Antalya Centennial Archery Field
- Interactive map of Antalya Centennial Archery Field
- Location: Meltem Mah., Antalya, Turkey
- Coordinates: 36°53′20″N 30°40′14″E﻿ / ﻿36.88901°N 30.67057°E
- Owner: Directorate General of Youth and Sports (GSGM)
- Operator: Anatalya Archery Club (Antalya Okçuluk İhtisas Kulübü)
- Capacity: 500
- Surface: Lawn
- Field size: 140 m × 175 m (459 ft × 574 ft)

Construction
- Opened: November 17, 1998

Tenants
- Antalya Archery Club (Antalya Okçuluk İhtisas Kulübü) Antalya Anadolu Archery Club (Antalaya Anadolu Okçuluk Kulübü)

= Antalya Centennial Archery Field =

Archery field located in Antalya, Turkey

Antalya Centennial Archery Field (Antalya 100. Yıl Okçuluk Sahası) is an archery field in Antalya, Turkey.

Situated in the Meltem neighborhood, the archery field on the lawn has the dimensions 140 × 175 m, where 50 targets can be placed. İt has a seating capacity of 500 spectators.

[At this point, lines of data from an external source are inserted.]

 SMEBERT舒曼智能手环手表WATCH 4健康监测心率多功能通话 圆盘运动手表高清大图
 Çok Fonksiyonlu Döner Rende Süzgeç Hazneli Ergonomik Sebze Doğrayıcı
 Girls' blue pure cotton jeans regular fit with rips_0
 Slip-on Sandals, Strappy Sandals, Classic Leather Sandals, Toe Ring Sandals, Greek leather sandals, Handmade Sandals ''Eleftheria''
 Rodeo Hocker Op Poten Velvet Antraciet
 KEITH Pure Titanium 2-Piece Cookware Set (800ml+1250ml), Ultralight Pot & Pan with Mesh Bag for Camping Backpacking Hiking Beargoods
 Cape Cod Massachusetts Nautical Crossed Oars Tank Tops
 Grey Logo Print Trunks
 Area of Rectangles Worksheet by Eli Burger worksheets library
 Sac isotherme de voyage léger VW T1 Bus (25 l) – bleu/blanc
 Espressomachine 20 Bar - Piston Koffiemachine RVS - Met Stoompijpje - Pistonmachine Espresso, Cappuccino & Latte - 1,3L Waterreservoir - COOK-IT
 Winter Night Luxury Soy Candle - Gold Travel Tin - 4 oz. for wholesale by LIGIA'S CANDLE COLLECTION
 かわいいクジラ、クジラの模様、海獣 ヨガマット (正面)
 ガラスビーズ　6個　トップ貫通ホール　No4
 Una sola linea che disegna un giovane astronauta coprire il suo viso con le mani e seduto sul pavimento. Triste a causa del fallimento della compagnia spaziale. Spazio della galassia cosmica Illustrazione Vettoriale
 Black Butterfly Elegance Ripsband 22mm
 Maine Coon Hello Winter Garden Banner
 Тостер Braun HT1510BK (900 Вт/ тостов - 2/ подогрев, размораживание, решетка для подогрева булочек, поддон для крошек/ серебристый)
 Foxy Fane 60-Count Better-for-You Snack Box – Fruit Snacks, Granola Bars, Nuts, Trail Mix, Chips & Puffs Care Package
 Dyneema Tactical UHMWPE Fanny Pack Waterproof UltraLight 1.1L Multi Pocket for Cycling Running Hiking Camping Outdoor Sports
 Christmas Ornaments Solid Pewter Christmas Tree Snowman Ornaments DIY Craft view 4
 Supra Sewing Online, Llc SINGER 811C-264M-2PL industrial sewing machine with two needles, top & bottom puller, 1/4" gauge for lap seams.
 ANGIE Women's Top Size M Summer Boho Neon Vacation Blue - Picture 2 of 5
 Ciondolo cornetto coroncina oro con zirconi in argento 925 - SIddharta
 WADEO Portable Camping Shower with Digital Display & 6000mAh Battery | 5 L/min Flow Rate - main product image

The venue was leased to the Antalya Archery Club (Antalya Okçuluk İhtisas Kulübü) on November 17, 1998, for 49 years by its owner, the Directorate General of Youth and Sports.

The facility also has offices, a lounge area, and a meeting room. It is also home to Antalya Anadolu Archery Club (Antalaya Anadolu Okçuluk Kulübü).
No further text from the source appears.